When a biologist isolates a bacterium and sequences its genome, the results are her intellectual property. She is free to publish the sequence or share it with other biologists in whatever manner she deems appropriate. When you get blood drawn and tested, the results become part of your personal health record. Your doctor shares them with you, but needs your express permission to disclose them to anyone else. In many ways, your medical records belong to you, the patient. But when the medical test in question is the sequencing of your genome,who owns the results ? As of now, the law doesn't have an answer.
President Obama recently weighed in on this issue. At a February 25th forum on his Precision Medicine Initiative to use genetic data to create individualized cures, he stated that genetic data should belong to patients. The President was speaking informally, but he suggested the direction in which the initiative might be headed. Obama has also directed the Department of Health and Human Services to publish guidelines clearly stating that patient access to medical records includes genomic testing. Still, guidelines and a passing remark by the president don't make a law.
Advocates argue that the laws should go further. The nonprofit advocacy group Genetic Alliance claims that patients who are subjects in genetic research should be treated as partners. But this goes too far -- researchers and scientists deserve to have some ownership over their work. Treating patients as partners might lead to confidentiality problems when it comes time for researchers to to publish results. A patient might not want her name attached to her medical history in such published research. If patients are partners in research, would you need an advanced degree in genetics just to be a patient?

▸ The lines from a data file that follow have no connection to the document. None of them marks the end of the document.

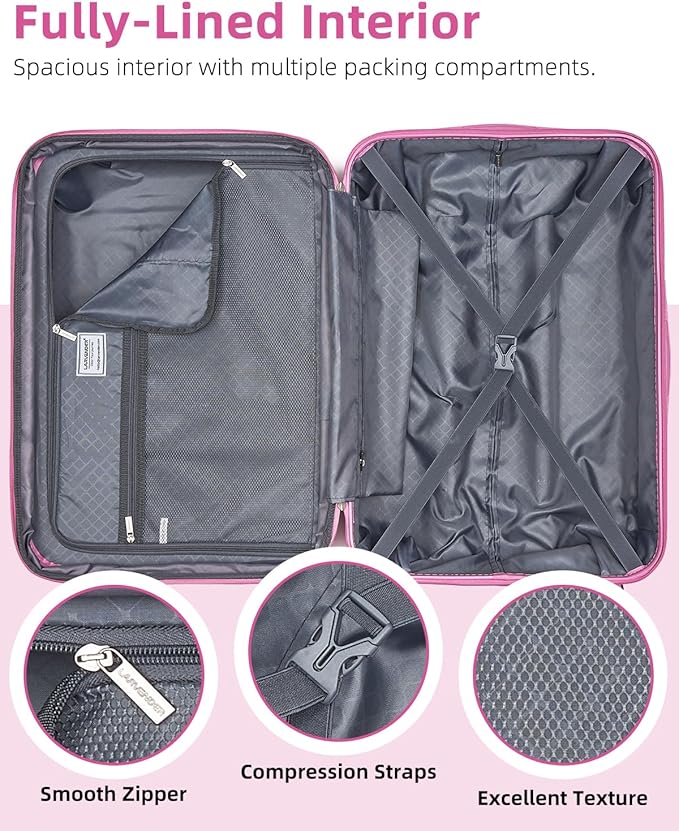 LARVENDER Carry on Luggage 22x14x9 Airline Approved, 20 Inch Hardside Suitcase with Wheels TSA Lock, PC+ABS Lightweight Travel Luggage Sets for Women, Glossy Berry, 3 Piece Set
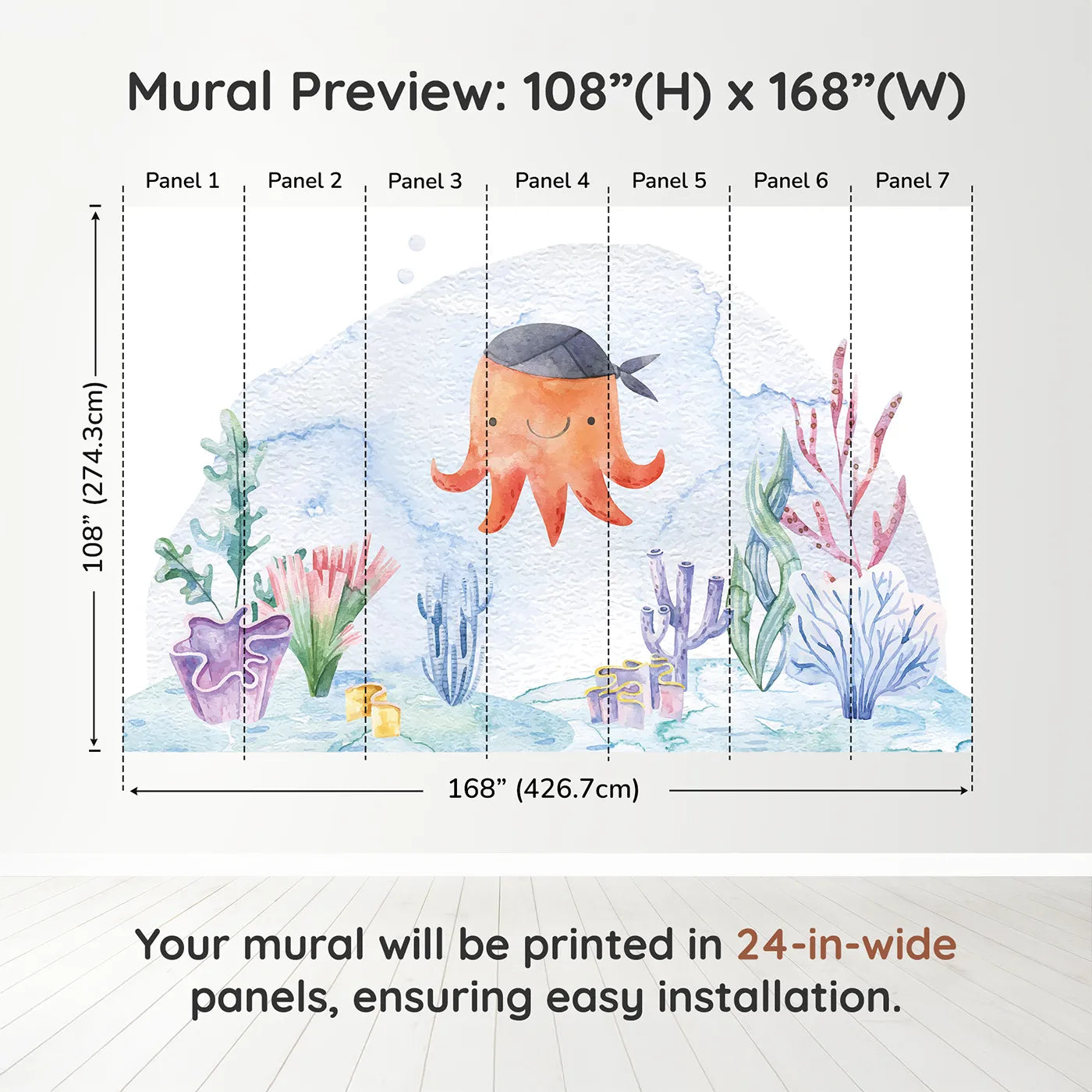 Whimsy Tots Pirate Octopus Wall Muraldimension view (108" H x 168" W). Printed in seven 24-inch-wide panels. Gender-Neutral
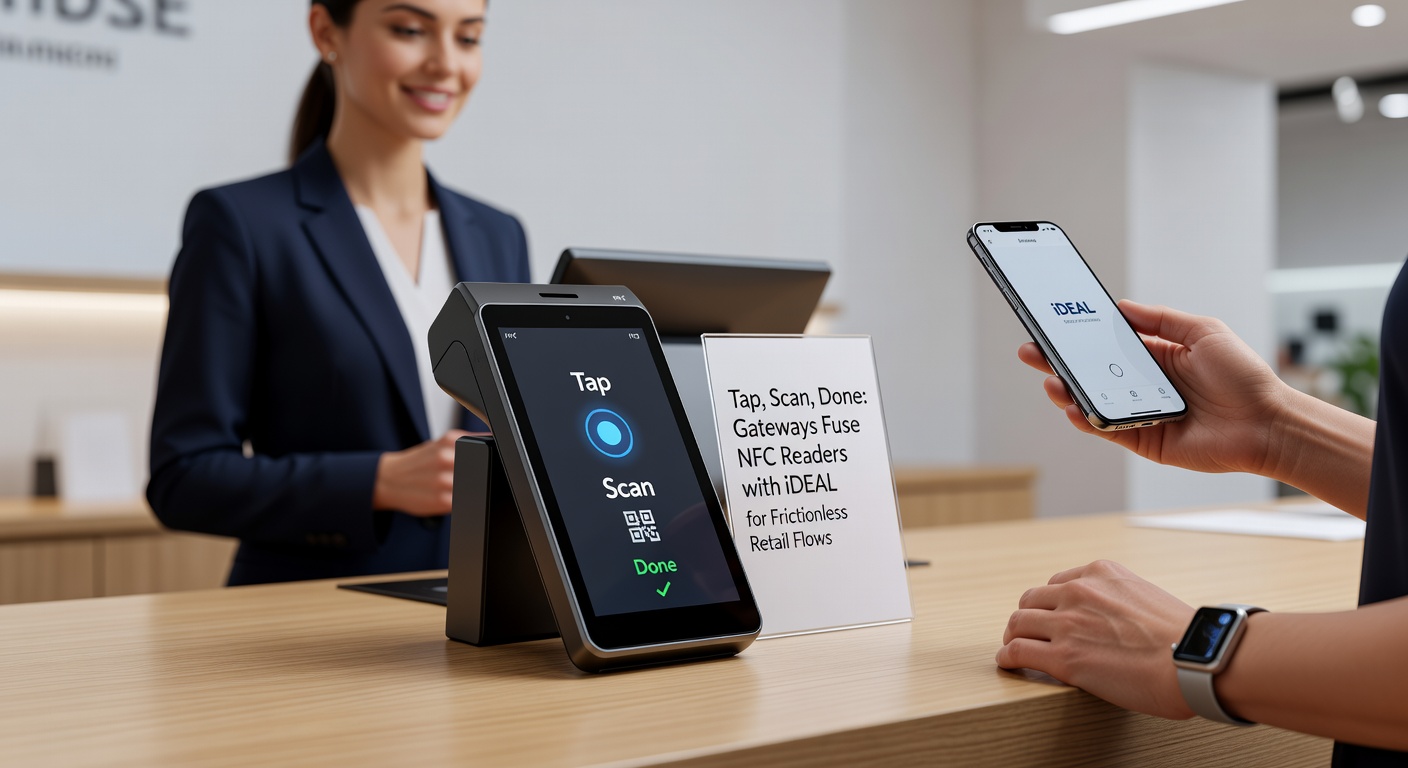 Klanten tappen hun telefoon op een iDEAL-NFC-gateway bij een onbemand tankstation, met soepele transactieflow zichtbaar op het scherm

The law seems headed in the direction President Obama has suggested. In Association for Molecular Pathology v. Myriad Genetics, (2013) the U.S. Supreme Court voted unanimously that human genes could not be patented. Myriad had isolated the BRCA1 and BRCA2 genes, linked to heightened risk of breast and ovarian cancers. The SCOTUS decision points towards patient ownership of genetic material. But for now, Myriad represents a narrow slice of the larger issue, and does not extend to who owns the results of research. The Myriad case took years to reach the Court. BRCA genes were discovered in 1995. Not until 2013did the Supreme Court ruling void the BRCA gene patents.

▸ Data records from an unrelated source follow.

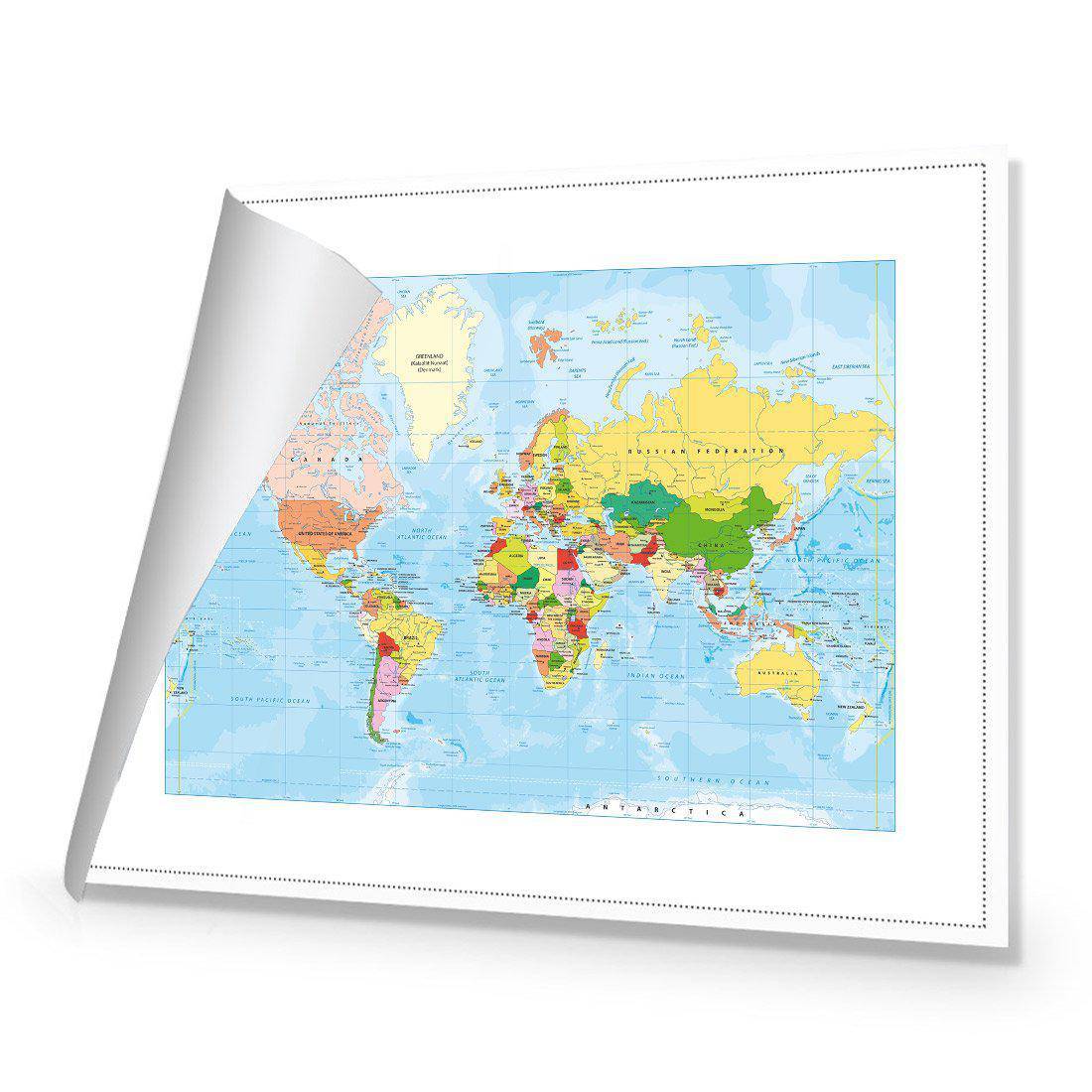 Political Map of the World Canvas Art-Canvas-Wall Art Designs-45x30cm-Rolled Canvas-Wall Art Designs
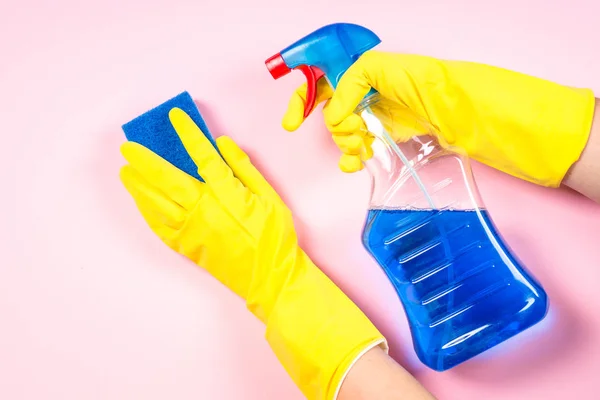 Cleaning concept  with microfiber rag, gloves and cleaning spray agent. — Stock Photo, Image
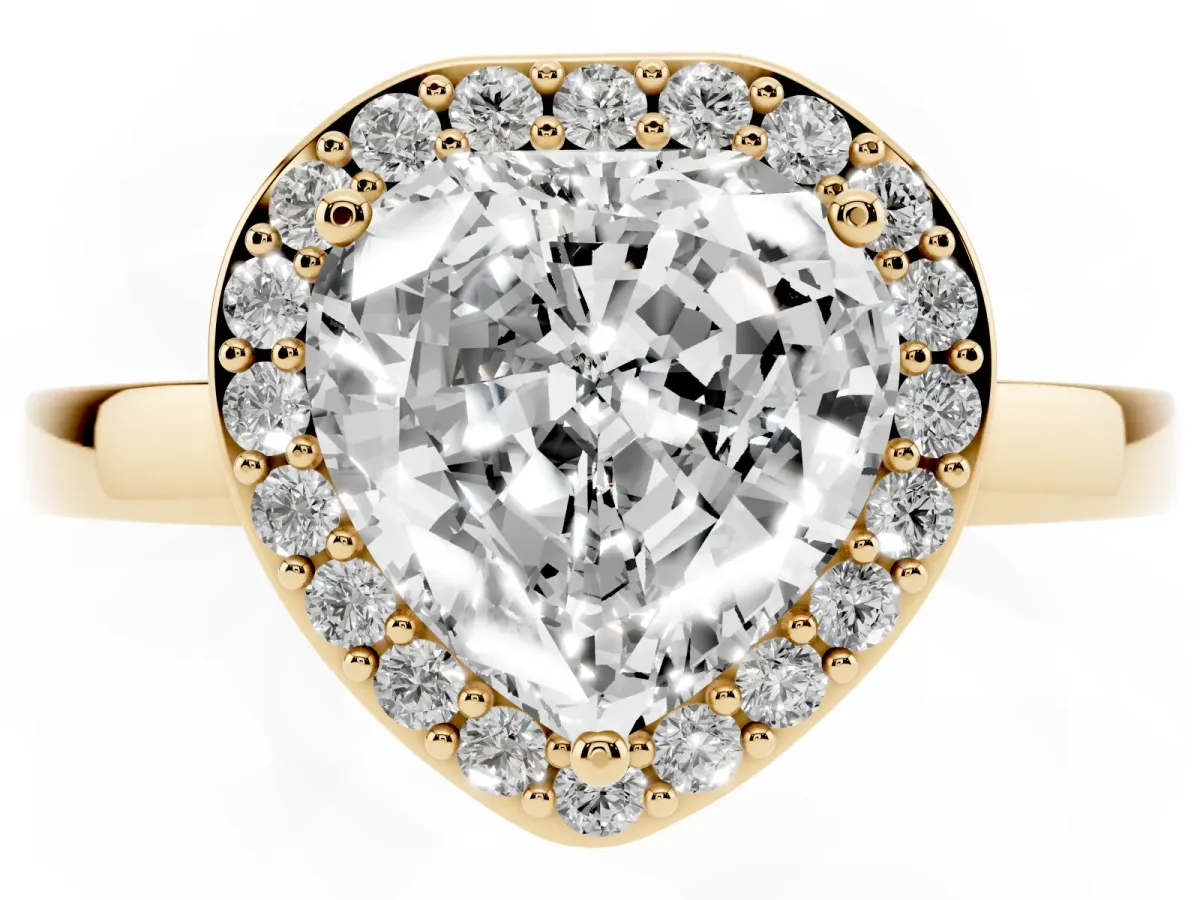 Heart Cut Halo Diamond Ring with Solitaire Band and Prong Setting Yellow gold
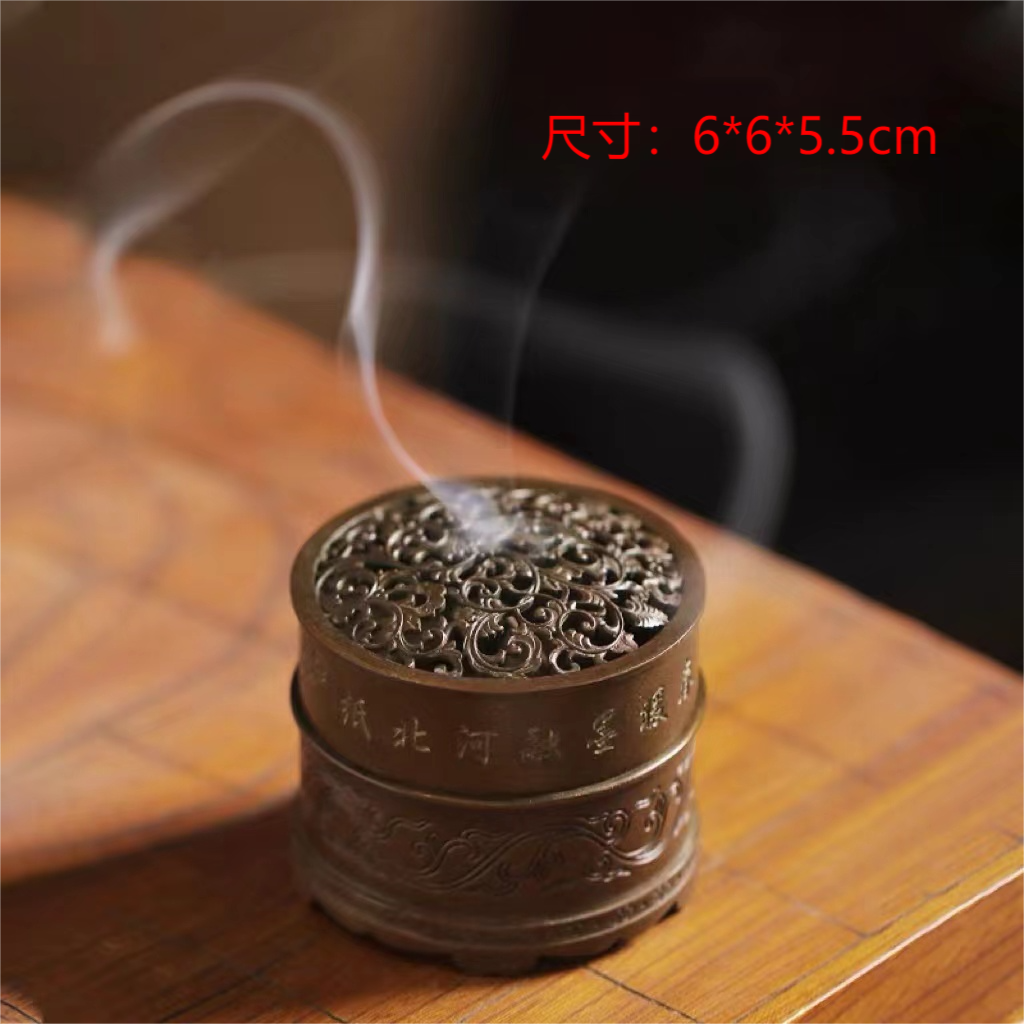 庆松—迷你圆艺雕炉 精致迷你印香炉6*6*5.5cm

Medical science cannot afford another 20 years during which lower courts might have contradicting interpretations of who owns a patient's genome. When the law is unclear, companies patent anything and everything. This chaos is confusing and deters potential patients from participating in research. If gene-tailored medicine is going to become a reality, the law must be clear.

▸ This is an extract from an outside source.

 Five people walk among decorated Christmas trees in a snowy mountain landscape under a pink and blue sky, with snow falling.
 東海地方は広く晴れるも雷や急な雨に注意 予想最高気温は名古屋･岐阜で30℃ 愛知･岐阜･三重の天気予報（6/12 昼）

Ownership of genetic research should not be decided by the Supreme Court. Instead, Congress must strike a balance between the rights of patients and the needs of researchers. A concrete law will benefit everyone. It might even have bipartisan appeal, as it concerns privacy rights, an issue of interest to both sides of the aisle. Congress must act soon to keep medical science moving forward and protect the privacy rights of patients.